Self-surrender – loss or gain?
A Christian Science perspective.
Many Christians are now observing Lent – a period of 40 days before Easter involving fasting or sacrificing something they cherish, in remembrance of all that Jesus did for humanity.
To me, sacrifice can be seen as the moment-by-moment willingness to put aside material thinking. It means surrendering my personal desires, plans, and motives in order to be more faithful to God's will. His will is always good, and I'm learning that when I'm obedient to it, I'm expressing my identity as His child, made in the image of Love.
As God's likeness, we possess the wholeness, goodness, and power of Love right here and right now, and therefore nothing can be missing. God's love reveals the unbroken, harmonious, spiritual identity we each have.
"To be carnally minded is death," wrote Paul to the Christians in Rome, "but to be spiritually minded is life and peace. Because the carnal mind is enmity against God: for it is not subject to the law of God, neither indeed can be" (Rom. 8:6, 7). The carnal mind is always self-centered and dissatisfied. It creates its own envy because it never has enough goodness. It produces its own resentment because it always feels wronged. It always suffers from its inherent selfishness, and is never at peace.

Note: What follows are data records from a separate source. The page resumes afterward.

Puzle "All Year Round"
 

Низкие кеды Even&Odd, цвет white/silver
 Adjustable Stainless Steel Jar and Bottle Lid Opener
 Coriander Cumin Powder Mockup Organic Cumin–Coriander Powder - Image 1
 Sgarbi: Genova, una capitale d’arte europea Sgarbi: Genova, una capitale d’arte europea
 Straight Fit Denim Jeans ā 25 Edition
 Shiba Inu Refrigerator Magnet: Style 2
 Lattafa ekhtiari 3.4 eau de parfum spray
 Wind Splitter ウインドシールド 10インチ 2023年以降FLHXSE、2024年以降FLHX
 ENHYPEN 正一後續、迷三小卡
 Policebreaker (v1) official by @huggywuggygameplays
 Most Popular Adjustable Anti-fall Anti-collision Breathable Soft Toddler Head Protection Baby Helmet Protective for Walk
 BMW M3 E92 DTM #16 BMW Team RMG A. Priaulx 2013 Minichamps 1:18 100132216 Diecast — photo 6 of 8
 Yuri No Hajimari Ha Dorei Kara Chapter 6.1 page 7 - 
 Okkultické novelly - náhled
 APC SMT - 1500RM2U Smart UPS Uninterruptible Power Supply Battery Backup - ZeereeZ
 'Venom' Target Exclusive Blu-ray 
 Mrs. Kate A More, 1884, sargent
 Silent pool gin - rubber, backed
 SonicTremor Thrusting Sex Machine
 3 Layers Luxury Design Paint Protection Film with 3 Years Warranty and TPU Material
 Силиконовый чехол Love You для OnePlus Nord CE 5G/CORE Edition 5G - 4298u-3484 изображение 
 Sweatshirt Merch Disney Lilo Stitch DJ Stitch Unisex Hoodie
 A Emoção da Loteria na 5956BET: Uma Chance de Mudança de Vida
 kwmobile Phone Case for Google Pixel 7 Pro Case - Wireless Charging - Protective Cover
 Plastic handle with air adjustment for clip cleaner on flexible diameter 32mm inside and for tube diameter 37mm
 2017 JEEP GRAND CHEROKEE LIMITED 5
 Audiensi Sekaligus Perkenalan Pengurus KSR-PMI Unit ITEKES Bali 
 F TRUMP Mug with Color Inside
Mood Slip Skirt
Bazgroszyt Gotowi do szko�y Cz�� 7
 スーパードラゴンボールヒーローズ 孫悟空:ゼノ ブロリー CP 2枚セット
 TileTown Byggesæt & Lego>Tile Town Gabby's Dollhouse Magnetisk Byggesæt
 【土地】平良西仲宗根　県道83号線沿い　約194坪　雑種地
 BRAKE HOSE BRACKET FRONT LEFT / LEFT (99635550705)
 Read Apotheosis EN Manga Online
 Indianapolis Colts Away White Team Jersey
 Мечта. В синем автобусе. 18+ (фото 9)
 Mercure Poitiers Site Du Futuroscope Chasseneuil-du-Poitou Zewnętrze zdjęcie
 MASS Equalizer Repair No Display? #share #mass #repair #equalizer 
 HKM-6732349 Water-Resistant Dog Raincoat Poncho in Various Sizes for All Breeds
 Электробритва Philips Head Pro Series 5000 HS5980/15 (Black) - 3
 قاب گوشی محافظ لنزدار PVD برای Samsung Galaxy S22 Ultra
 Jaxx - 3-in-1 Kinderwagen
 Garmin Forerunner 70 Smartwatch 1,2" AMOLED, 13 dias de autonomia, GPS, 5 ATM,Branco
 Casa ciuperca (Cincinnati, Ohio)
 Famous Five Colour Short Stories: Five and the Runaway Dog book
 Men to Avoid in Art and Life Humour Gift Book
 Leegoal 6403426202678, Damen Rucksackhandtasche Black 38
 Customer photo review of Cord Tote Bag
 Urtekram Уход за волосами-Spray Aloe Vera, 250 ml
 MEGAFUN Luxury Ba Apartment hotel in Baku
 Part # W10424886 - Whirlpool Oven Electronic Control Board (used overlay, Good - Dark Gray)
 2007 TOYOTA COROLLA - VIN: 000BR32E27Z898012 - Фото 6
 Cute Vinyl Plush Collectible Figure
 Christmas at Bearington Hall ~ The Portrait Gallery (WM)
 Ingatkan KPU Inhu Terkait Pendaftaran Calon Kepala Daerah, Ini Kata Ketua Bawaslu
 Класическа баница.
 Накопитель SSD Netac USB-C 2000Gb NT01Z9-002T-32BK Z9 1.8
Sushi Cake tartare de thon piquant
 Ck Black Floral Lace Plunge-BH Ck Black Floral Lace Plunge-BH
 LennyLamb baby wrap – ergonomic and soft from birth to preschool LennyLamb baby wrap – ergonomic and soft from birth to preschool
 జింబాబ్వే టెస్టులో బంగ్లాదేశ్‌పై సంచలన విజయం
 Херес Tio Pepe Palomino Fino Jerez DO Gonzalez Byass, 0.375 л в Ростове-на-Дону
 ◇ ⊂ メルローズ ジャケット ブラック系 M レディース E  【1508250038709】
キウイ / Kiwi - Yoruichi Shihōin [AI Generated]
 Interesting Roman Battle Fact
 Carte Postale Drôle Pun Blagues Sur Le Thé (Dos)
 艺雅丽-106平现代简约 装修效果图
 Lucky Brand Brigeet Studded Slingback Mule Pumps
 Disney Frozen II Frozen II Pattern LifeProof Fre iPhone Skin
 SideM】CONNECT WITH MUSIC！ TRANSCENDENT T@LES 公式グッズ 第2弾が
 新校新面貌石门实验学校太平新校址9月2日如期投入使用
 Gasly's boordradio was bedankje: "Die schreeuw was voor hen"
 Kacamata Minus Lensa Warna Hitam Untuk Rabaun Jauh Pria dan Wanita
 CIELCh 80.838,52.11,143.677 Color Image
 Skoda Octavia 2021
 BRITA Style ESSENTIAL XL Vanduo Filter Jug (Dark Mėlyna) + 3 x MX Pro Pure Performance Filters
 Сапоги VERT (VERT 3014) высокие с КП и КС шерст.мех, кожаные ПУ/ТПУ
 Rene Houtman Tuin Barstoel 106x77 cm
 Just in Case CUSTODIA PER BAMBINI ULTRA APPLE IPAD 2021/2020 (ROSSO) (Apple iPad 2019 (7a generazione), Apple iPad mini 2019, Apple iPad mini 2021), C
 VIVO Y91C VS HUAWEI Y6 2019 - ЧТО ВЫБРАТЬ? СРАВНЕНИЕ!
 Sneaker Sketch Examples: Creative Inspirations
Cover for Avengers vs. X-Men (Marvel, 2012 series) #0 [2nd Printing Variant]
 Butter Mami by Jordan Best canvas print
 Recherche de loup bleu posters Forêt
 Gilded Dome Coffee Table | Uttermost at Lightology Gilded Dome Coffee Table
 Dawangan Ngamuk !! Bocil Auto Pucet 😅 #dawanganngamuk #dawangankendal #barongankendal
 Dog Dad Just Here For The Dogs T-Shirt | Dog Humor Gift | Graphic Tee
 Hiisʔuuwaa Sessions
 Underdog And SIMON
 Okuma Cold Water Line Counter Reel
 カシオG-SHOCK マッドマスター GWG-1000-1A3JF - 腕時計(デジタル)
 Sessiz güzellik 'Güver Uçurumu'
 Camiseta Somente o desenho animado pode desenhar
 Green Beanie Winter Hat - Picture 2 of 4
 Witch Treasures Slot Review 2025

This Easter season, as I reread the account of Jesus's crucifixion, it became clear to me that it was this carnal mind, this material state of thought, that was trying to destroy him through aggression and arrogant power. By contrast, Jesus was willing to sacrifice even his life in order to prove the power and might of God's law to preserve not just himself, but everyone. This was showing each of us that we need to turn away from the carnal mind and yield to God's will in order to find the greatest happiness and blessings.